The first Hyannis station was constructed in the early 1850s by the Cape Cod Railroad in time for the arrival of the first train from Boston on July 8, 1854. It is said that the train was met by a crowd estimated at 3,000. Immediately the line started running three trains a day to and from Boston. Tracks continued 1.6 miles south to Hyannis Wharf, where ferries connected to Martha's Vineyard and Nantucket Island. Passenger service between Hyannis Wharf and Hyannis ended in July 1872 when the Woods Hole Branch was opened, though freight service continued until 1937.
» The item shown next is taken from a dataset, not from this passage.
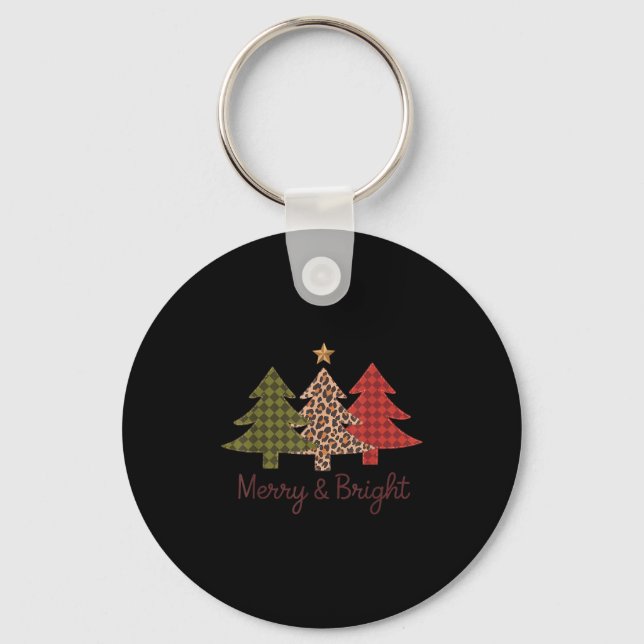 Merry &amp; Bright Plaid Leopard Christmas Tree Xm Keychain (Front)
The line became part of the Old Colony Railroad in 1872; the Old Colony in turn was leased by the New Haven Railroad in 1893. The original repair shops at Hyannis, damaged by fire in 1857, were destroyed by another fire in 1898. They were never rebuilt, but a replacement roundhouse was built in 1901. The original station was replaced in the early 1900s by a nearly-identical building. Through the first half of the 20th century, the station supported year-round service to Boston and seasonal service to New York City.

On April 23, 1953, the New Haven moved to a new station 1.0 mile to the north, and the older station was soon demolished. The final summer for the New Haven's nighttime Cape Codder service was in 1958. Regular passenger service to Boston ended in 1959, with limited summer service (including the last Day Cape Codder) until 1964; the 1953-built station was reused for commercial purposes.

The roundhouse was sold to a moving company in 1954, and sold again and renovated as a nightclub in 1980. It was placed on the Massachusetts Register of Historic Places on October 3, 1996. The building and surrounding property were sold to Hy-Line Cruises in 2015 for parking and storage. Hy-Line proposed to demolish the building in 2019, but withdrew the application after pressure from historical and civic groups.

In July 1981, the Cape Cod Central Railroad began summer-only excursion service between Hyannis and Sandwich. Part of a former gas station in Hyannis, built sometime between 1900 and 1930 just northeast of the New Haven Railroad station, was converted for use as a station. The station was served by the Cape Cod and Hyannis Railroad from 1984 to 1988, and the Amtrak Cape Codder from 1986 to 1996. The station platform on the east side of the mainline is approximately 645 feet long, which accommodates a seven car train.

The larger Hyannis Transportation Center (HTC) was constructed just to the north in 2002, with a platform on the opposite side of the same track. Seasonal CapeFLYER service, which began in 2013, uses the newly-constructed station, while the Cape Cod Central Railroad continues to use the older station, though the accessible high-level platform of the HTC is often used. As of 2020, Hyannis serves as the point of departure for several excursion trains running to Cape Cod Canal and back, often including a stop at West Barnstable and sometimes an additional stop at the historic Pairpoint Glass facility in Sagamore. Hyannis also serves as the point of departure for a variety of dining trains.

As of January 2025, MassDOT plans to reconstruct the deteriorated wooden accessible platform at the station.